Penutupan perdagangan bursa hari ini menunjukkan koreksi IHSG sebesar 121,60 poin atau 1,53 persen, menutup perdagangan di angka 7.830,49. Dominasi warna merah terlihat jelas dengan 630 saham mengalami penurunan, 190 saham stagnan, dan hanya 136 saham yang mencatatkan kenaikan.
Analis pasar modal, Hans Kwee, menjelaskan bahwa aksi demonstrasi yang berujung pada jatuhnya korban jiwa memicu kepanikan. Meskipun bukan disebabkan faktor ekonomi langsung, potensi dampaknya terhadap aktivitas bisnis dan makroekonomi menjadi perhatian utama. “Demo ini terkesan anarki dan menimbulkan korban jiwa. Tentu ini menyebabkan pasar khawatir. Takutnya demo mengganggu stabilitas ekonomi,” ungkap Hans kepada Jawa Pos.
Banyak perkantoran dan pusat kegiatan ekonomi di Jakarta terpaksa tutup lebih awal atau meliburkan karyawan. Gangguan operasional ini berdampak langsung pada aktivitas bisnis harian, berpotensi menurunkan kinerja perusahaan-perusahaan publik dan berimbas pada pertumbuhan ekonomi. “Itu mengganggu stabilitas ekonomi, khususnya di Jakarta yang pasti ada pengaruh ke kinerja ekonomi, pertumbuhan ekonomi, kinerja emiten. Jadi, ini yang menyebabkan pasar panik dan tertekan turun,” jelas dosen Fakultas Ekonomi Bisnis Universitas Trisakti tersebut.

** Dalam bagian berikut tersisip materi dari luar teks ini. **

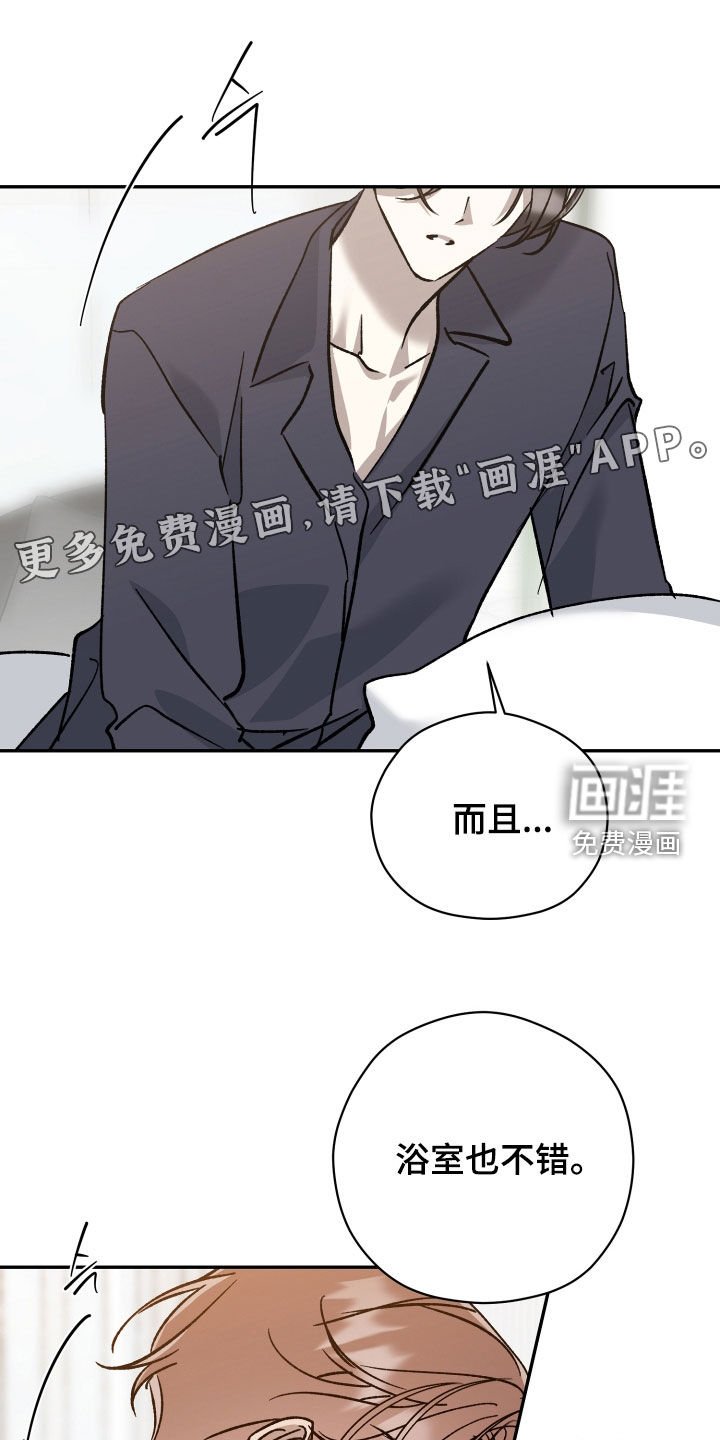 第79话5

Potensi penurunan IHSG menuju level teknikal breakout di kisaran 7.680 pada pekan ini cukup signifikan. Jika tekanan jual berlanjut, penembusan di bawah level tersebut bukanlah hal yang mustahil, dan berpotensi memicu aksi jual lebih lanjut.
Hans Kwee mengingatkan, kekhawatiran terbesar pasar adalah jika situasi ini berlanjut dan berkembang menjadi kerusuhan skala besar, seperti peristiwa 1998. Skenario terburuk ini dapat memicu arus keluar dana asing secara masif. “Ini tentu akan sangat memukul ekonomi Indonesia, menyebabkan dana asing keluar, investor dalam negeri panik, dan melumpuhkan ekonomi yang berimbas pada rakyat kecil lebih besar,” tegasnya.
Menanggapi pelemahan pasar, Sekretaris Kementerian Koordinator Bidang Perekonomian, Susiwijono Moegiarso, menyatakan bahwa hal tersebut merupakan respons wajar terhadap dinamika yang terjadi. Beliau berharap situasi segera kondusif untuk menjaga momentum pertumbuhan ekonomi pada kuartal III 2025. “Kita berharap kuartal III harus kita dorong lebih tinggi lagi, ini sudah akhir Agustus, kesempatannya tinggal di September,” ujarnya.
Pemerintah, bersama otoritas terkait, telah menyiapkan sejumlah instrumen untuk menjaga stabilitas ekonomi nasional. Terkait penurunan IHSG, Susiwijono menambahkan bahwa pasar memiliki mekanisme sendiri dalam merespons dinamika. “Jadi, kalau respons masalah IHSG, saya kira market sudah punya mekanisme sendiri untuk merespons itu. Tapi kita berharap mudah-mudahan kondusif,” imbuhnya.